But what I'm not understanding is how both engines went from running ok to going bad together while no work, as I understand it, was done on the engines. I'd go back to the initial thoughts of timing, ign wiring, etc. But again - if no one did anything between the time the engs were running fine and now, what the heck happened?

Since you have electronic ignition, the timing/dwell shouldn't change with use. There have been cases of electronic ign modules failing - I have a friend who put them in his crusaders and one was bad out of the box. But two failing in the same way seems unlikely but I guess it's possible.

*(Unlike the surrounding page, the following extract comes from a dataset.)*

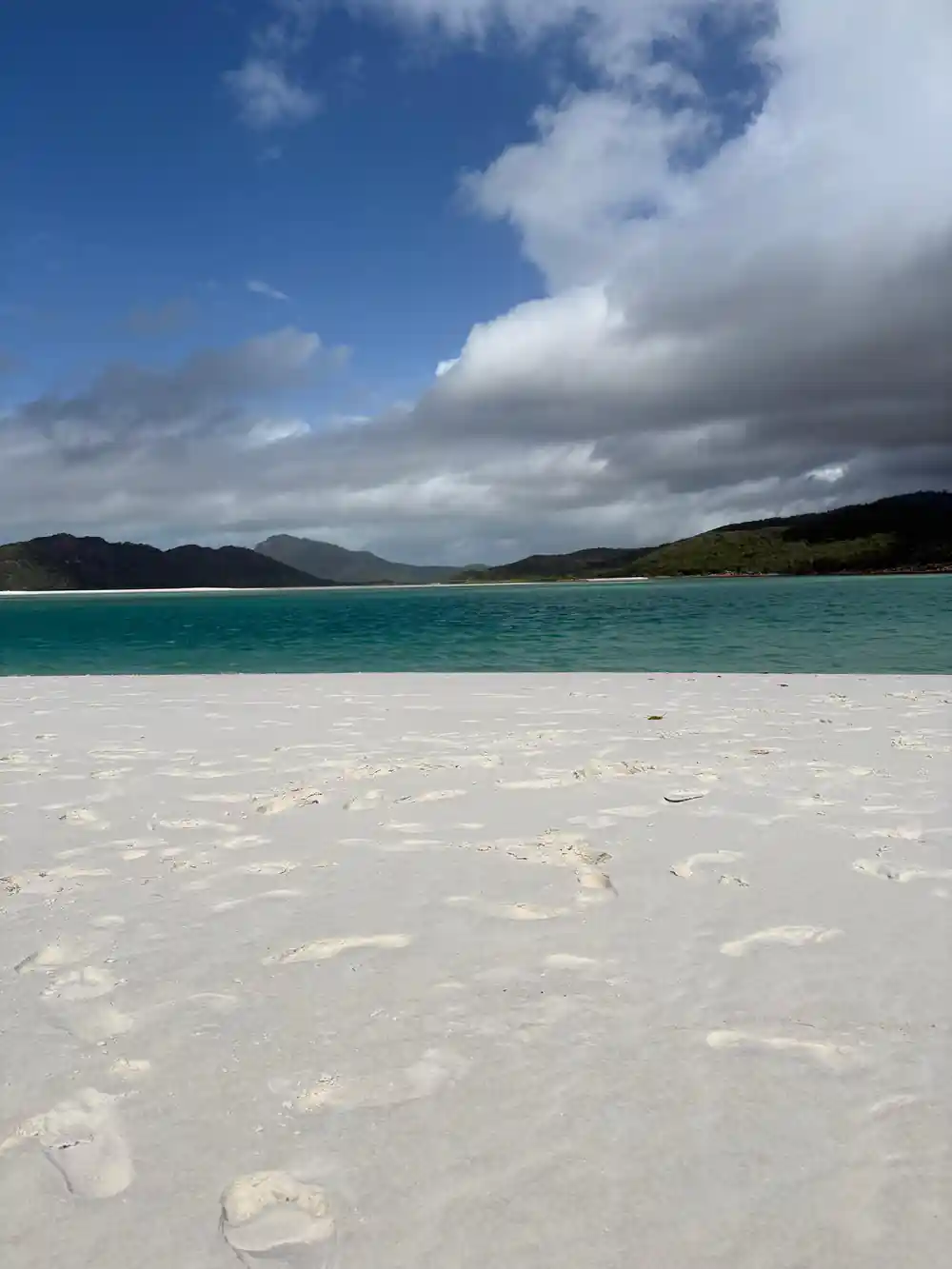White sand beach with turquoise water and distant mountains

It'll be interesting to hear the final solution!
 
I would also be interested in knowing the outcaom. Nothing ever, ever happens to both engines at the same time. If they share a common fuel tank, as our 36C does, I would sure start there. Timing can't change on 2 engines, neither can carbs. or anything else. If you have a carb problem on both engines, you have a fuel problem. These things are common sense. ;)
 
separate fuel tanks. the only thing they share is age and anything upgraded or repaired on one has been done to the other at the same time.

I did compression ck on the starboard motor late last year, did not open throttle however so numbers are not right. however i seem to remember 140 to 150 area anyhow i will go through the whole thing this weekend.
 
I am trying to gather all my tests and equipment before this weekend.
Few questions:

1 out of gear Rev engines up does the secondary open and if so how much

2 Racor 500 series filters. check valve. there is a ball and a rubber seal, does the seal go on top or under the ball, cant remember how i installed them last time i took them apart. also what is the ball made of, can it absorb gasoline?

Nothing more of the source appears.